Варварское расселение, исходящее от охотничьей родовой общины, переходящей к земледелию, при соединении с романским населением, имеющим особенности ослабленной и разрушенной соседской общины и даже вообще состояния людей колоната – нечто похожее на механизаторов времен поздних колхозов СССР (людей прикрепленных к месту жизни и прикрытых патроном от власти, но и не погибающим от голода), получает внутреннюю свободу от значительных традиционных ограничений, которые накладывает на индивида обычная родовая земледельческая община, известная нам со времен Восточных империй. Это резко расширяет возможность ухода крестьянина из общины и его приход в другое сообщество или общину. Эту свободу подкрепляет природная среда Западной Европы с ее лесом, свободными угодьями и богатой флорой и фауной.
Север Франции заселен почти исключительно новым населением. Это новое население пришло не с семьями, и не родами, а ватагами, дружинами – потому никакого отражения при расселении родов франков в Галлии нет. Косвенным доказательством этой трагедии является то, что в районе Северной Франции, в именах селений Нейстрии, нет родовых окончаний, в то время как в Австразии и на Рейне их много в виде суффиксов рода ing ingen heim weiler [Кулишер И. М., с. 41].

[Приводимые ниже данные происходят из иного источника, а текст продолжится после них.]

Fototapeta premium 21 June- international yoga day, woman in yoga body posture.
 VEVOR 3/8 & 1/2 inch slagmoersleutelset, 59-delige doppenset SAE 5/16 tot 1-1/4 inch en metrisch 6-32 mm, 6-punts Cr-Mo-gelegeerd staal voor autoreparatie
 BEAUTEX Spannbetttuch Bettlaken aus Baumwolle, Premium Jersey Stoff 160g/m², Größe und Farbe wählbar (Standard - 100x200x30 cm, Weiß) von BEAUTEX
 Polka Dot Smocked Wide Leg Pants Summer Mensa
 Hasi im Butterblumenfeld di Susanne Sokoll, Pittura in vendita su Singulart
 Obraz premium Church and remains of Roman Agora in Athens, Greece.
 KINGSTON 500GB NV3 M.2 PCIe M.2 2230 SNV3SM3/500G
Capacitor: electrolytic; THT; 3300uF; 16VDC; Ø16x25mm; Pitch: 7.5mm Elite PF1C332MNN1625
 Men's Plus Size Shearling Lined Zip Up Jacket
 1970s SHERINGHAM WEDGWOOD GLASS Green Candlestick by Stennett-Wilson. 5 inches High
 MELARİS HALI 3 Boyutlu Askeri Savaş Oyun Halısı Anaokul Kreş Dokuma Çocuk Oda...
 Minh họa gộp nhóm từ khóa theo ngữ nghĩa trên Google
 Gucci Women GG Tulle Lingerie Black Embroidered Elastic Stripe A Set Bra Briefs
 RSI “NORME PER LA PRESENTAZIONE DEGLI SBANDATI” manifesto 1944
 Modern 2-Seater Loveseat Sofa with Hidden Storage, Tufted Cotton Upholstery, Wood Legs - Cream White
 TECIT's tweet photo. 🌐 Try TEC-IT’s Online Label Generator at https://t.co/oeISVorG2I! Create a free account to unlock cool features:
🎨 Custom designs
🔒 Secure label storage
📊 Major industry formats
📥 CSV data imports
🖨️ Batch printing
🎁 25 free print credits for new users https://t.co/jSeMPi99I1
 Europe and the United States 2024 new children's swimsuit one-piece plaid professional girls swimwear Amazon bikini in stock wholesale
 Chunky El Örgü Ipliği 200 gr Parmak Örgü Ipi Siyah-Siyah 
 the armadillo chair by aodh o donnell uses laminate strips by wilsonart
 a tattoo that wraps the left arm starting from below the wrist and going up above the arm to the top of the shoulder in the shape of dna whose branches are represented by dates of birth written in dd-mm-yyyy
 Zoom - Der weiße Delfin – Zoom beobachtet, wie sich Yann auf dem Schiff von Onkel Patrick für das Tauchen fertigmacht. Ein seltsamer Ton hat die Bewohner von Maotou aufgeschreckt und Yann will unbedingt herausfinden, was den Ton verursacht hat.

На Юге Франции остается крупный массив романского населения с более «послушными» формами поведения – менее агрессивный и более терпимый, что в последующем влечет и менее интенсивное развитие региона
[1] Но ее решение, к сожалению, не выглядит столь импозантно, как это можно было бы предполагать, находясь во всей мощи и глубине исторического материала. В науке пока нет таких рабочих мест, которые позволяли бы заниматься одновременно несколькими смежными областями знаний. А плата за свободу исследования в нормальном обществе оплачивается вынужденными потерями в качестве, обусловленными затратами части жизни исследователя на оплату свободы творчества.
[2] Не этот ли выбор делало российское общество на уровне подсознания, выбрасывая свободу из купели в 1999 году, потому, что само еще является ребенком и как ребенок не умеет справляться со своей свободой, захлебывается в этой купели.
[3] Некоторые современные империи юрского периода имеют традицию заключать личные сделки с крупными предпринимателями, в которых последние оказывают государству некие финансовые услуги или идут на финансовые уступки (вне закона и правил), ожидая преференций или просто безопасности от сильных мира сего. В реальности, как показывает опыт Рима и опыт психологии частный владелец оказывается в позиции дрессировщика, уступающего свои позиции сильного молодому тигру. Надежда на безопасность всегда испаряется, когда тигр подрастает. Обычно такой опыт накапливают те, кто находится вне клетки
[4] Кстати, как потом мы увидим «ленивых» королей, так мы можем видеть и «ленивые народы», которым «все до фени» в части политики. Самое интересное, что при этом большинство, постоянно привыкшее «стоять на коленях», не замечая этого, очень любит рассуждать о том, как они поднялись и «встали с колен» перед какими-то другими народами.